Taxes upon the Rent of Houses.

The rent of a house may be distinguished into two parts, of which the
one may very properly be called the building-rent; the other is commonly
called the ground-rent.

The building-rent is the interest or profit of the capital expended in
building the house. In order to put the trade of a builder upon a level
with other trades, it is necessary that this rent should be sufficient,
first, to pay him the same interest which he would have got for his
capital, if he had lent it upon good security; and, secondly, to keep
the house in constant repair, or, what comes to the same thing, to
replace, within a certain term of years, the capital which had been
employed in building it. The building-rent, or the ordinary profit of
building, is, therefore, everywhere regulated by the ordinary interest
of money. Where the market rate of interest is four per cent. the rent
of a house, which, over and above paying the ground-rent, affords six
or six and a-half per cent. upon the whole expense of building, may,
perhaps, afford a sufficient profit to the builder. Where the market
rate of interest is five per cent. it may perhaps require seven or seven
and a half per cent. If, in proportion to the interest of money, the
trade of the builders affords at any time much greater profit than this,
it will soon draw so much capital from other trades as will reduce the
profit to its proper level. If it affords at any time much less than
this, other trades will soon draw so much capital from it as will again
raise that profit.

Whatever part of the whole rent of a house is over and above what is
sufficient for affording this reasonable profit, naturally goes to the
ground-rent; and, where the owner of the ground and the owner of the
building are two different persons, is, in most cases, completely paid
to the former. This surplus rent is the price which the inhabitant of
the house pays for some real or supposed advantage of the situation. In
country houses, at a distance from any great town, where there is plenty
of ground to chuse upon, the ground-rent is scarce anything, or no more
than what the ground which the house stands upon would pay, if employed
in agriculture. In country villas, in the neighbourhood of some great
town, it is sometimes a good deal higher; and the peculiar conveniency
or beauty of situation is there frequently very well paid for.
Ground-rents are generally highest in the capital, and in those
particular parts of it where there happens to be the greatest demand
for houses, whatever be the reason of that demand, whether for trade and
business, for pleasure and society, or for mere vanity and fashion.

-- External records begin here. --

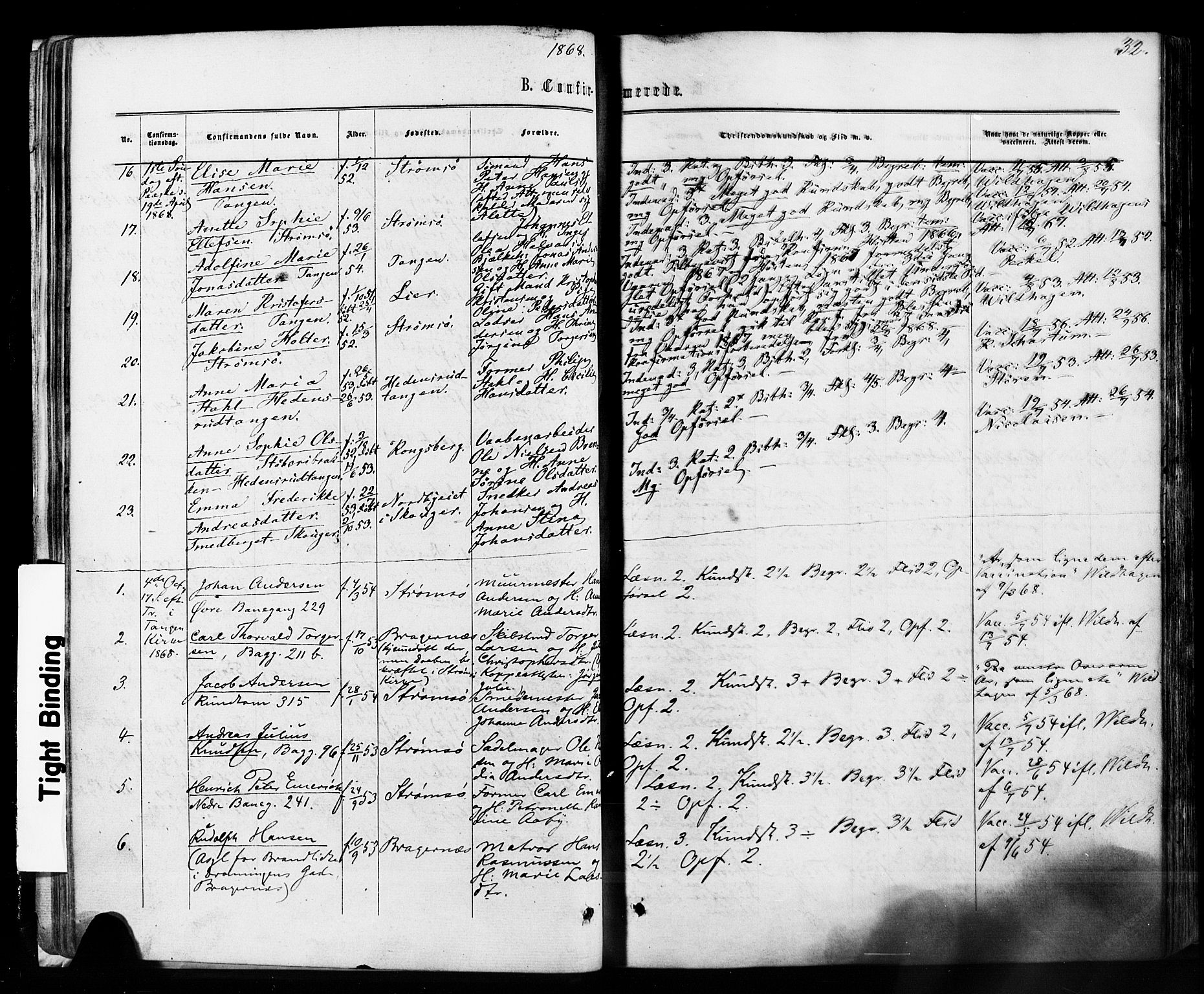 Strømsø kirkebøker, AV/SAKO-A-246/F/Fa/L0018: Parish register (official) no. I 18, 1865-1878, p. 32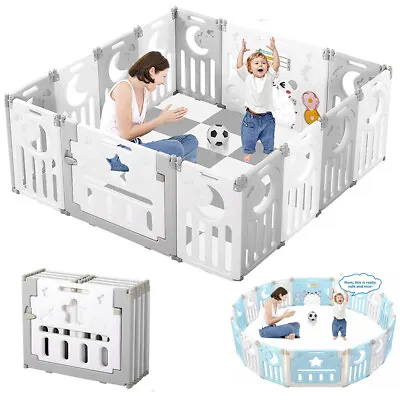 Large 14Panel Baby Playpen Foldable Kid Activity Center Toddler Safety Play Yard • £69.90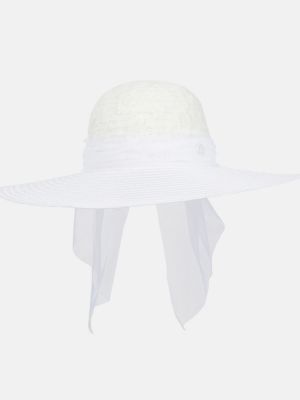 Tylový čepice Maison Michel bílý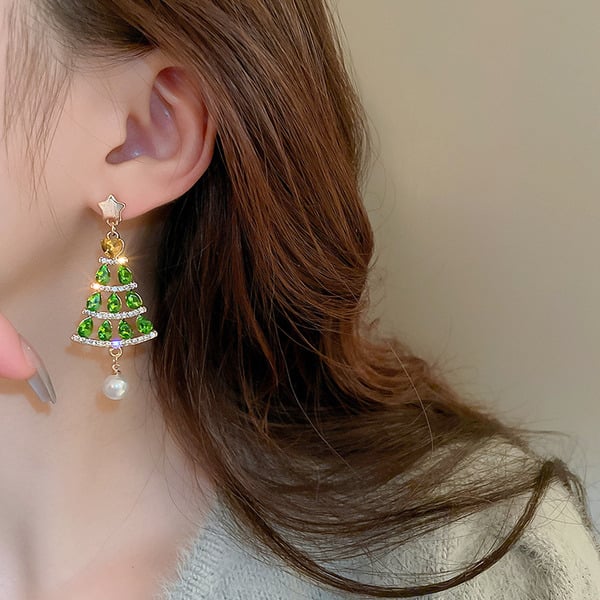 Christmas Tree Pearl/Rhinestone Drop Earrings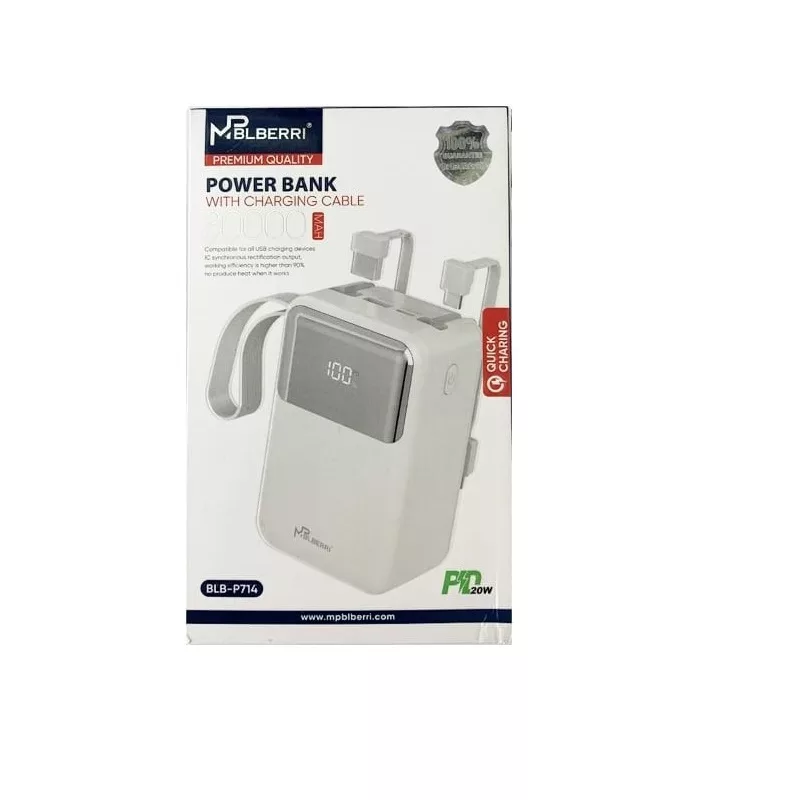 پاوربانک ام پی بلبری مدل BLB-P714 ظرفیت 30000 میلی آمپر ساعت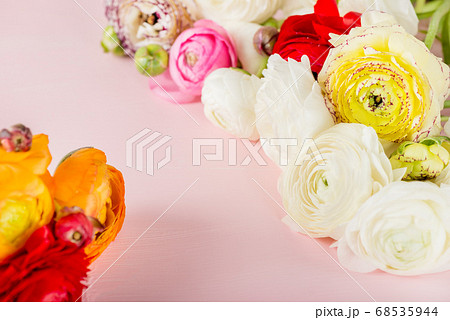 バースデーカード 花束 Happy 花の写真素材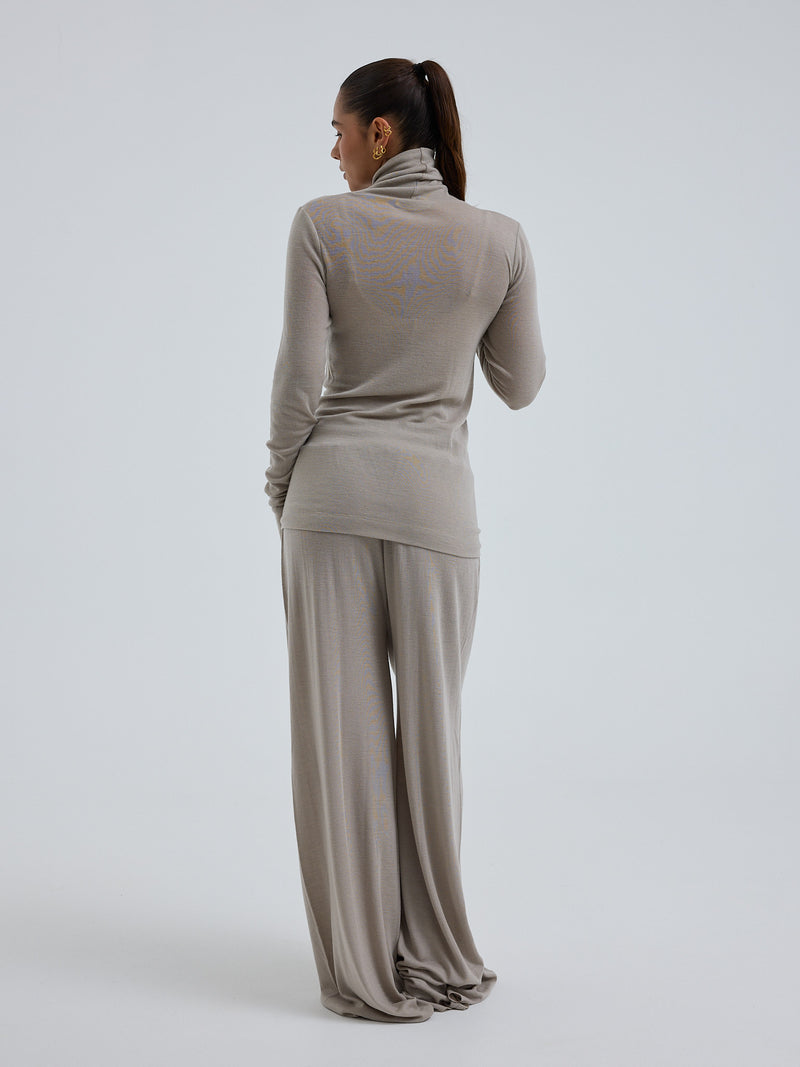 Seamless Basic Woolen Lola | Merinould Rullekravebluse Beige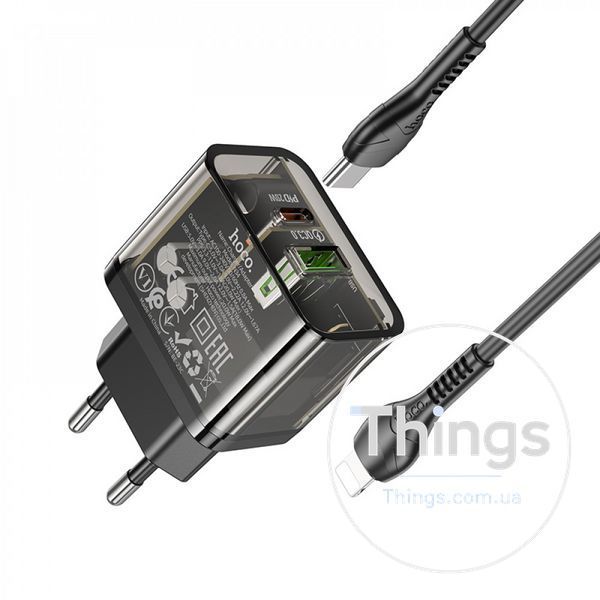 Home Charger 20W 1U 1C PD QC3.0 C to Lightning Cable (1m) Hoco N34 Dazzling __ &mdash; Transparent Black K2-000077492 фото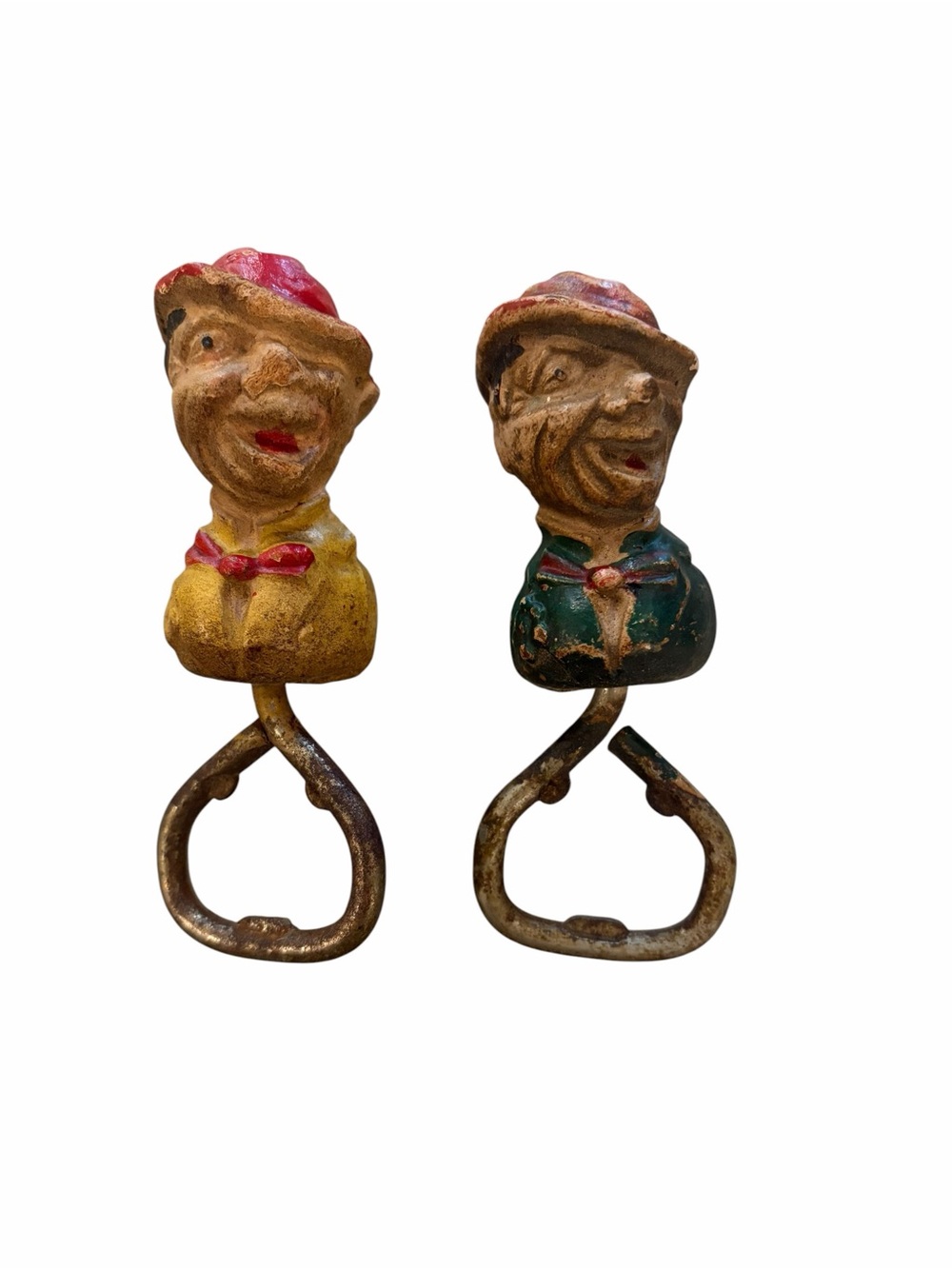Vintage 1940’s Carved Wood Character Bottle Openers - Yellow & Green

A tax upon house-rent, payable by the tenant, and proportioned to the
whole rent of each house, could not, for any considerable time at least,
affect the building-rent. If the builder did not get his reasonable
profit, he would be obliged to quit the trade; which, by raising the
demand for building, would, in a short time, bring back his profit to
its proper level with that of other trades. Neither would such a tax
fall altogether upon the ground-rent; but it would divide itself in such
a manner, as to fall partly upon the inhabitant of the house, and partly
upon the owner of the ground.

Let us suppose, for example, that a particular person judges that he
can afford for house-rent all expense of sixty pounds a-year; and let
us suppose, too, that a tax of four shillings in the pound, or of
one-fifth, payable by the inhabitant, is laid upon house-rent. A house
of sixty pounds rent will, in that case, cost him seventy-two pounds
a-year, which is twelve pounds more than he thinks he can afford. He
will, therefore, content himself with a worse house, or a house of fifty
pounds rent, which, with the additional ten pounds that he must pay for
the tax, will make up the sum of sixty pounds a-year, the expense which
he judges he can afford, and, in order to pay the tax, he will give up a
part of the additional conveniency which he might have had from a house
of ten pounds a-year more rent. He will give up, I say, a part of this
additional conveniency; for he will seldom be obliged to give up the
whole, but will, in consequence of the tax, get a better house for fifty
pounds a-year, than he could have got if there had been no tax for as
a tax of this kind, by taking away this particular competitor, must
diminish the competition for houses of sixty pounds rent, so it must
likewise diminish it for those of fifty pounds rent, and in the same
manner for those of all other rents, except the lowest rent, for which
it would for some time increase the competition. But the rents of
every class of houses for which the competition was diminished, would
necessarily be more or less reduced. As no part of this reduction,
however, could for any considerable time at least, affect the
building-rent, the whole of it must, in the long-run, necessarily fall
upon the ground-rent. The final payment of this tax, therefore, would
fall partly upon the inhabitant of the house, who, in order to pay his
share, would be obliged to give up a part of his conveniency; and partly
upon the owner of the ground, who, in order to pay his share, would be
obliged to give up a part of his revenue. In what proportion this final
payment would be divided between them, it is not, perhaps, very easy to
ascertain. The division would probably be very different in different
circumstances, and a tax of this kind might, according to those
different circumstances, affect very unequally, both the inhabitant of
the house and the owner of the ground.

The inequality with which a tax of this kind might fall upon the owners
of different ground-rents, would arise altogether from the accidental
inequality of this division. But the inequality with which it might fall
upon the inhabitants of different houses, would arise, not only
from this, but from another cause. The proportion of the expense of
house-rent to the whole expense of living, is different in the different
degrees of fortune. It is, perhaps, highest in the highest degree, and
it diminishes gradually through the inferior degrees, so as in general
to be lowest in the lowest degree. The necessaries of life occasion the
great expense of the poor. They find it difficult to get food, and
the greater part of their little revenue is spent in getting it. The
luxuries and vanities of life occasion the principal expense of the
rich; and a magnificent house embellishes and sets off to the best
advantage all the other luxuries and vanities which they possess. A tax
upon house-rents, therefore, would in general fall heaviest upon the
rich; and in this sort of inequality there would not, perhaps, be any
thing very unreasonable It is not very unreasonable that the rich
should contribute to the public expense, not only in proportion to their
revenue, but something more than in that proportion.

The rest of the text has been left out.